Fact: The biggest waste of talent and resources is not keeping bad teachers. The biggest waste is losing good, trained teachers. Up to 50% of teachers will leave the profession within the first 5 years, and even more in the more challenging schools. This kind of turn over requires re-training, re-acclimating, and re-hiring far too many teachers. Supporting good teachers and new teachers is far more cost effective than going on witch hunts for bad teachers.

Myth #5: Unions don’t care about teaching.

Fact: No one wants bad teachers in our schools, especially teachers and the union. Traditionally, districts would just pass ineffective teachers around from school to school. That is inefficient and malpractice. Several unions have established peer review and mentor teams to help struggling teachers. Administration can identify struggling teachers. Instead of just bouncing them around, the union review team takes over and provides intensive mentoring and monitoring. The teacher improves, or they are counseled out of the profession.

Myth #6
: Teachers oppose all reform, like alternative licensure.

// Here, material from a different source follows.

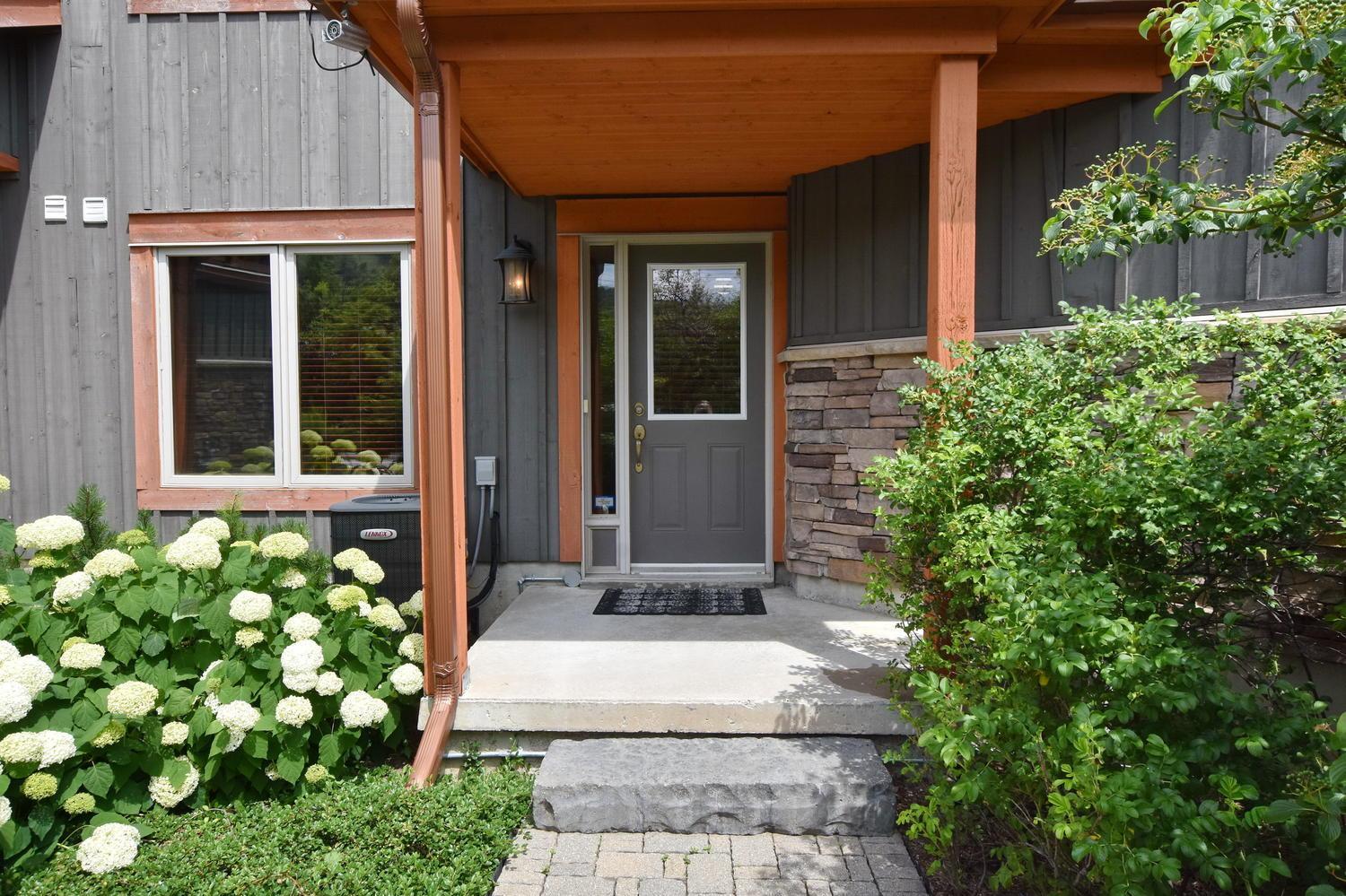 Hotel Blue Mountain-Luxurious Blueski George Chalet, Hot Tub, Pool, Gas Fireplace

Fact: Teachers love alternatively licensed colleagues. They bring a wealth of knowledge and experience that is invaluable to both students and other staff. Education Minnesota is on record supporting a path to alternative licensure. What teachers oppose, is thinking that five weeks of training, right out of college, is enough to send someone in to help the most challenging students.

Myth #7
: Getting rid of unions, or weakening them, is the first step in real reform.

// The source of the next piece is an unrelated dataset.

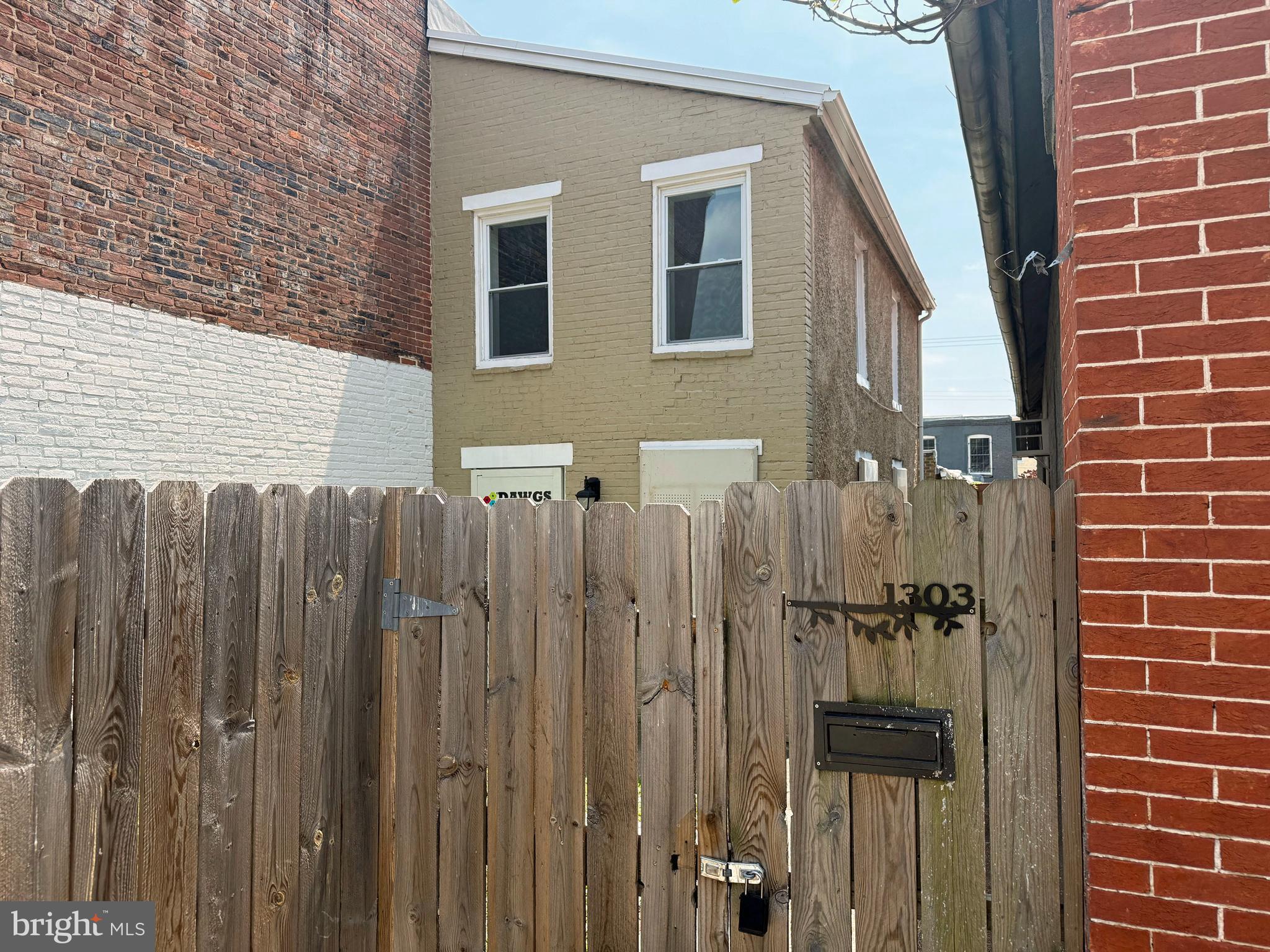 WASHINGTON VILLAGE - Residential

Fact: We have already seen this experiment happen in many right-to-work states. In fact, the Bill Gates funded National Council on Teacher Quality put out a hand book that graded states on their teacher policies. This handbook is meant as a guidebook for reform. Their premise is that the states with less teacher rights will do better on education. The problem is that the states they grade highest do poorest in education. It is quite obvious that their reforms have more to do with labor power than education.

Teacher Quality Handbook WARNING: This quality handbook extols the virtues of states that do the worst on education.

National Assessment of Educational Progress The states that do the best on this nationally comparable assessment have the strongest unions.

ACT stats  It goes without saying that strong union states have higher ACT scores.

Even Arne Duncan has said we are silly to blame unions when non-union states have the same problems.

Myth #8: Performance pay will motivate teachers to do better.

Fact: The biggest study on merit pay, commissioned by merit pay supporters, shows that it has little effect. Merit pay sounds flashy. Looks like innovation. Does nothing for students.
        Merit pay is actually counter-productive to effective reforms. Effective reforms get teachers working together in collective teams, like other countries have always done. Effective reforms get teachers working on all students, not just their own. Merit pay pits my students against yours.

Vanderbilt merit pay study

Myth #9: Teacher unions protect teachers, not kids

Fact: Teachers and students are not separable entities in a zero sum game. Unions have been at the forefront of fighting for things like smaller classing size, access to the arts, and other student centered reforms. In a bottom line world these are usually the first things to go.

Myth #10: You can support teachers and bash teacher unions.

Fact: Teachers are the unions, and the unions are the teachers. This is like saying I support the Generals, but the Army has got to go.